Gustave Flaubert

Dizionario dei luoghi comuni

Dovete immaginarvi un ometto baffuto e paffutello che per tutta la vita prende appunti. Scrive, osserva e di tanto in tanto pubblica romanzi epocali. Si appunta ciò che inclina, ferisce e incrina le infinite pieghe della vita. Lui segna tutto sui suoi taccuini. Tutto. Come se le storie e le verità di ogni giorno potessero raccontare una visione universale del mondo, rendendo giustizia – in un modo un po’ buffo – alle cose che accadono senza particolare motivo. Accadono e basta, nessuno sa il perché, ma c’è una legge da tutti condivisa che giustifica mutamento, azioni e percezioni. Una legge. Un luogo comune. Così i suoi taccuini si riempiono di parole e significati, citazioni e credenze popolari che descrivono un’approssimata verità sul mondo, talmente approssimata da essere, talvolta, precisa.

I luoghi comuni sono, in fondo, imprecise descrizioni o imbarazzanti tentativi di spiegare la vita. Flaubert non ha fatto altro che appuntarseli nei suoi diari fino a quando ha giocosamente intuito che poteva raccoglierli tutti in un affilato volume: il Dizionario dei Luoghi Comuni.

Uno strumento per stimolare la creatività

Si tratta chiaramente di un libretto stupido che, a detta di molti critici, gli ha rubato troppo tempo e gli ha impedito di concludere opere di ben altro spessore – come Bouvard e Pecuchét. Tuttavia c’è del genio, e queste cento paginette hanno lo strano potere di spronare la creatività del lettore. Dizionario dei Luoghi Comuni trova il suo habitat nella libreria di un copywriter e diventa uno strumento di lavoro di imprevedibile utilità nei momenti in cui si è alla ricerca di ispirazione.

Riporto qui alcune voci che mi hanno particolarmente colpito:

  • Allori. Impediscono di dormire.
  • Bilancio. Non quadra mai.
  • Calvizie. Sempre precoce e provocata da eccessi giovanili, oppure dal concepire pensieri elevati.
  • Corano. Libro di Maometto che parla solo di donne.
  • Economia politica. Scienza senza cuore.
  • Egoismo. Lagnarsi di quello degli altri e non accorgersi del proprio.
  • Fenice. Bel nome per una compagnia di assicurazioni antincendio.
  • Giuria. Evitare a tutti i costi di farne parte.
  • Introduzione: vocabolo osceno.
  • Metodo. Non serve a nulla.
  • Missionari. Finiscono tutti mangiati o crocifissi.
  • Mulino. Sta benissimo nei paesaggi.
  • Paura: ci dà le ali.
  • Poeta. Sinonimo di scemo, sognatore.
  • Polizia. Ha sempre torto.
  • Prosa. Più facile da fare dei versi.
  • Scroccone.
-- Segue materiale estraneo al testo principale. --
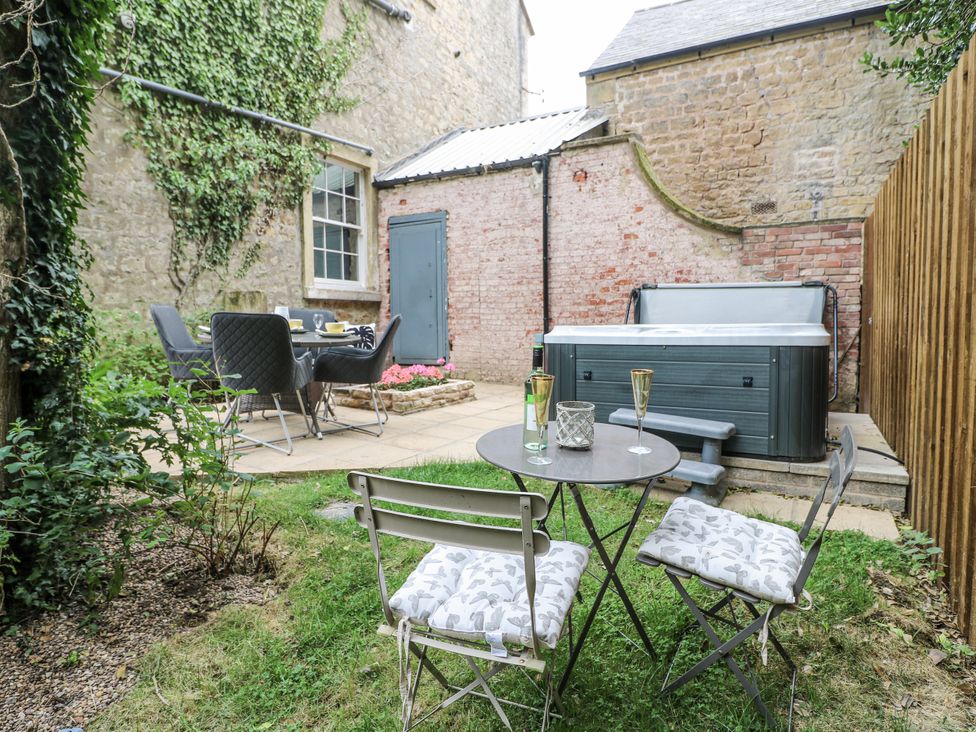 A garden with a hot tub and outdoor furniture at Cotton Mill Cottage in Cuckney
Sempre dell’alta società.
  • Terra. Dire <<I quattro angoli della terra>>, dato che è rotonda.
  • Vangelo. Libro divino, sublime, eccetera.

Nelle spiegazioni dei termini si nota facilmente una pungente dichiarazione di astio nei confronti di qualcuno, forse una precisa fetta di società. In fondo, Flaubert stava sul cavolo a parecchia gente, e temo che il sentimento fosse ampiamente ricambiato. Questo piccolo dizionario, che rappresenta un momento quasi invisibile in mezzo allo spessore delle sue opere più celebri, è un gesto o un modo per zittire, umiliare e mandare a quel paese tutte le persone che non sopportava. O almeno mi piace pensarla così.

In una lettera a Louise Colet, nel 1852, Flaubert descrisse il progetto con queste parole:

Credo che l’insieme sarebbe formidabile come il piombo, bisognerebbe che in tutto il libro non ci fosse una parola mia, e che, una volta letto il dizionario, non si osasse più parlare, per paura di dire spontaneamente una delle frasi che vi si trovano.

È un modo straordinariamente affilato ed elegante per dire “zitti tutti, ignoranti, state zitti”.